◆ Exercise brief ◆
Leave the pictures out and repeat the rest of the data below exactly.

[Source information Boundary: Start]

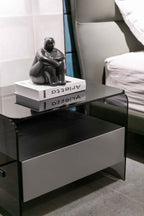 Table de chevet minimaliste en verre noir pour chambres modernes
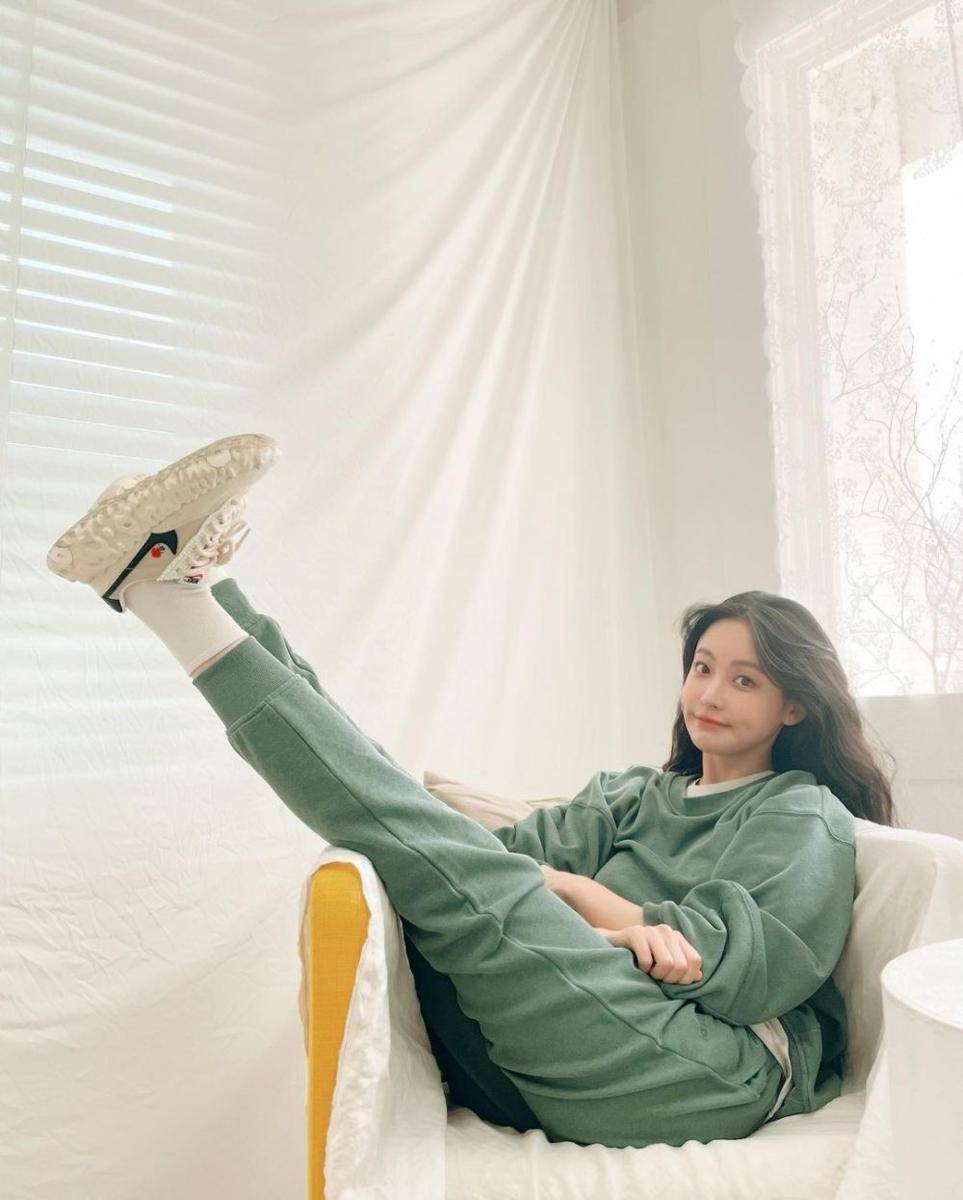 Instagram.com/ohvely22/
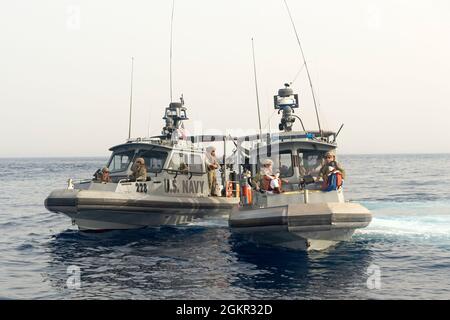 GULF OF TADJOURA (17 giugno 2021) U.S. Navy Maritime Expeditionary Security Squadron Eleven (MSRON-11), con sede a Camp Lemonnier, si allontana da USNS Patuxent (T-AO-201) con quattro Somalis che sono stati salvati da una barca da pesca bloccata, 17 giugno 2021. Due barche di pattuglia MSRON-11 tirate lungo il lato del Henry J. Kaiser-classe in corso di rifornimento oliatore USNS Patuxent (T-AO-201) e hanno ricevuto i pescatori prima di trasferirli sulla nave di pattuglia della Guardia Costiera Gibutiana, Damerjog. I quattro pescatori somali sono stati bloccati in mare dopo un guasto meccanico e sono stati privi di cibo o acqua per fognare Foto Stock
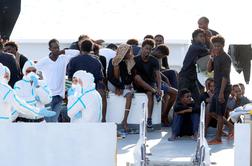 Pred obalo Malte rešili sto prebežnikov #video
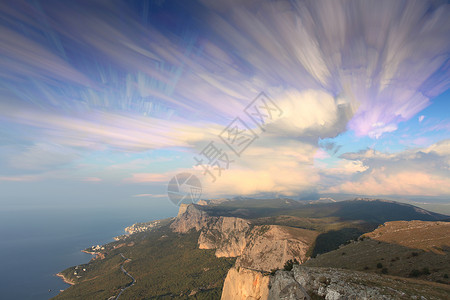 马尔德文-卡亚西山云的移动 克里米亚高清图片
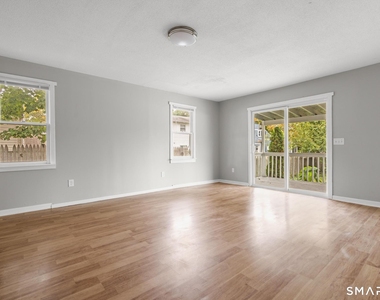 48 Bowen Street - Photo Thumbnail 23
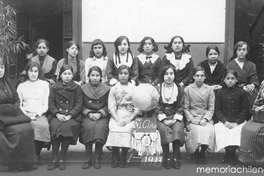 Alumnas de la Escuela Superior nº 1 en Recoleta, Santiago, 1913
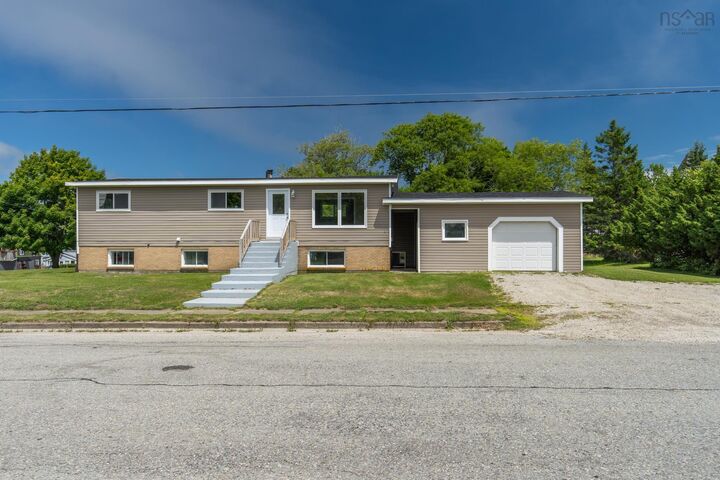 Property Photo: 2 Huntington Street NS B5A 2R9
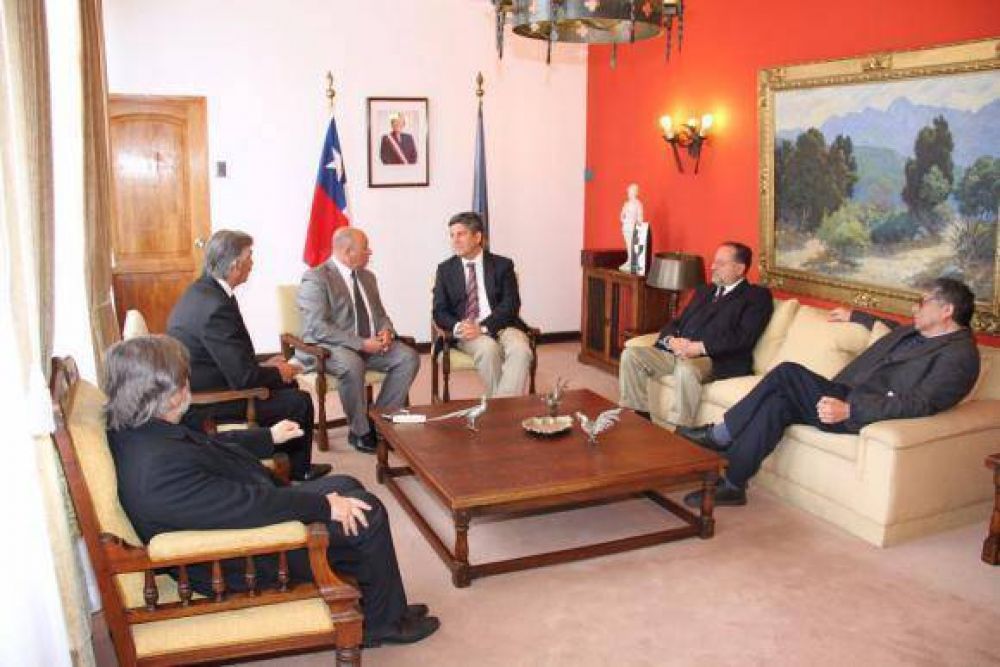Fuertes lazos de integraci�n entre chilenos y argentinos por el T�nel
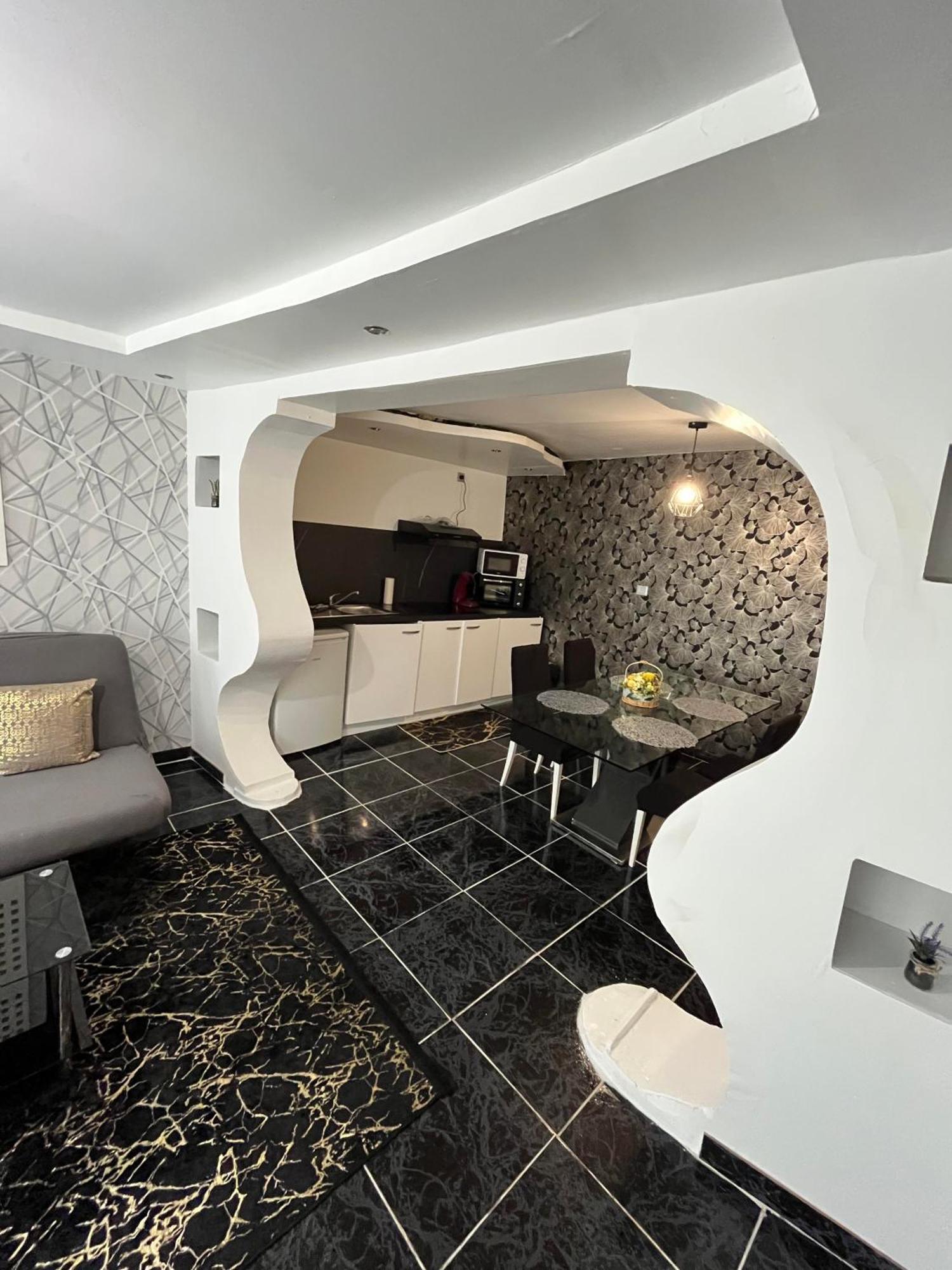 Appartement Diamant Saint-Junien Exterior photo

[Source information Boundary: End]

◆ Answer to this problem ◆
 Table de chevet minimaliste en verre noir pour chambres modernes
 Instagram.com/ohvely22/
 GULF OF TADJOURA (17 giugno 2021) U.S. Navy Maritime Expeditionary Security Squadron Eleven (MSRON-11), con sede a Camp Lemonnier, si allontana da USNS Patuxent (T-AO-201) con quattro Somalis che sono stati salvati da una barca da pesca bloccata, 17 giugno 2021. Due barche di pattuglia MSRON-11 tirate lungo il lato del Henry J. Kaiser-classe in corso di rifornimento oliatore USNS Patuxent (T-AO-201) e hanno ricevuto i pescatori prima di trasferirli sulla nave di pattuglia della Guardia Costiera Gibutiana, Damerjog. I quattro pescatori somali sono stati bloccati in mare dopo un guasto meccanico e sono stati privi di cibo o acqua per fognare Foto Stock
 Pred obalo Malte rešili sto prebežnikov #video
 马尔德文-卡亚西山云的移动 克里米亚高清图片
 48 Bowen Street - Photo Thumbnail 23
 Alumnas de la Escuela Superior nº 1 en Recoleta, Santiago, 1913
 Property Photo: 2 Huntington Street NS B5A 2R9
Fuertes lazos de integraci�n entre chilenos y argentinos por el T�nel
 Appartement Diamant Saint-Junien Exterior photo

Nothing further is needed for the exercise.